Ad inizio giugno questa alleanza è tornata a farsi sentire, e lo fa con la forza delle 80 organizzazioni che la compongono e che costantemente denunciano la violazione dei diritti fondamentali ad opera anche di società svizzere. Un fronte che ha anche lanciato una petizione, sottoscritta da oltre 200mila persone, e che si sta già muovendo pure nei confronti del Consiglio federale, sollecitato ora a elaborare una legge in materia. L’iniziativa popolare va vista come una sorta di secondo obiettivo, da porre in campo se dal Governo non dovessero scaturire proposte all’altezza di questa sfida. Su questo punto va detto che, secondo quando riportato dalla stampa svizzero-tedesca, il Consiglio federale al momento non sarebbe intenzionato a riaprire celermente questo capitolo. A Berna si preferisce tergiversare per capire come si muoveranno ora i singoli Stati membri dell’Ue e quale tipo di leggi decideranno di forgiare. Sul tema si è già espressa anche Economiesuisse, tra i più feroci oppositori della prima iniziativa. Per la federazione delle imprese svizzere il nostro Paese è ora chiamato a riprendere la direttiva Ue sulle multinazionali, anche perché le catene di produzione europee coinvolgono spesso anche società elvetiche, e tra loro pure parecchie piccole e medie imprese.

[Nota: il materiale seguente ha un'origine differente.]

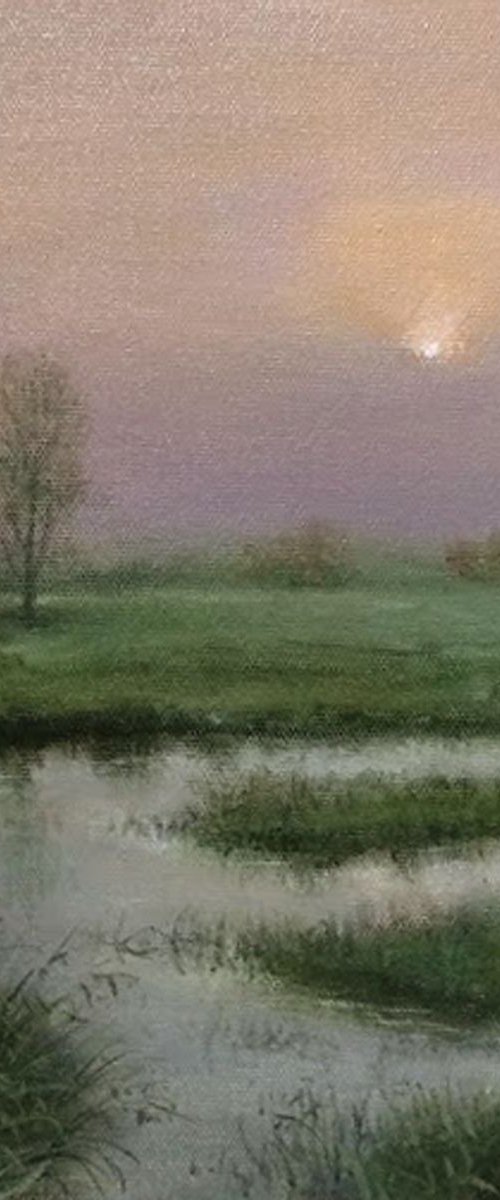 Meadows9 by Vishalandra Dakur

Una nuova legge è necessaria, proprio per garantire l’accesso al mercato unico comunitario. Ciò che importa, a detta di Economiesuisse, è che il nostro Paese agisca senza appesantire il carico burocratico con cui le imprese sono già oggi confrontate. Si intravvede dunque una sorta di via libera da parte di chi rappresenta la grande industria svizzera.

Un elemento di novità rispetto all’iniziativa di quattro anni fa, a cui si aggiunge anche la posizione di un nutrito gruppo di parlamentari borghesi, che nella prima chiamata alle urne si erano invece schierati sul fronte dei contrari. Allora questo tipo di opposizione non voleva che il nostro Paese facesse da pioniere in materia, per non compromettere la capacità competitiva dell’economia elvetica. Insomma il dovere di diligenza va bene, ma deve essere applicato perlomeno su scala europea. Un cambio di marcia che ora è a portata di mano, anche se si è solo all’inizio di questo nuovo di iter legislativo con l’obiettivo di allineare il nostro Paese alle norme europee. E con un appunto conclusivo che prendiamo in prestito dall’ex senatore ticinese Dick Marty, scomparso nel dicembre scorso e tra i maggiori fautori della prima iniziativa. Nel suo libro Verità irriverenti, Marty ricorda quella battaglia politica «una straordinaria esperienza umana» e sottolinea tra l’altro un punto relativo alla doppia maggioranza, citando Jean-François Aubert, uno dei massimi costituzionalisti del nostro Paese. Aubert «aveva formulato una critica che appare del tutto pertinente: quando l’iniziativa è approvata dal popolo, il voto dei Cantoni deve essere considerato solo se la norma in votazione ha delle implicazioni a livello cantonale. Nella fattispecie non era assolutamente il caso». In altri termini, da rivedere c’è forse anche questo meccanismo della nostra democrazia diretta. Ma questo è un altro discorso.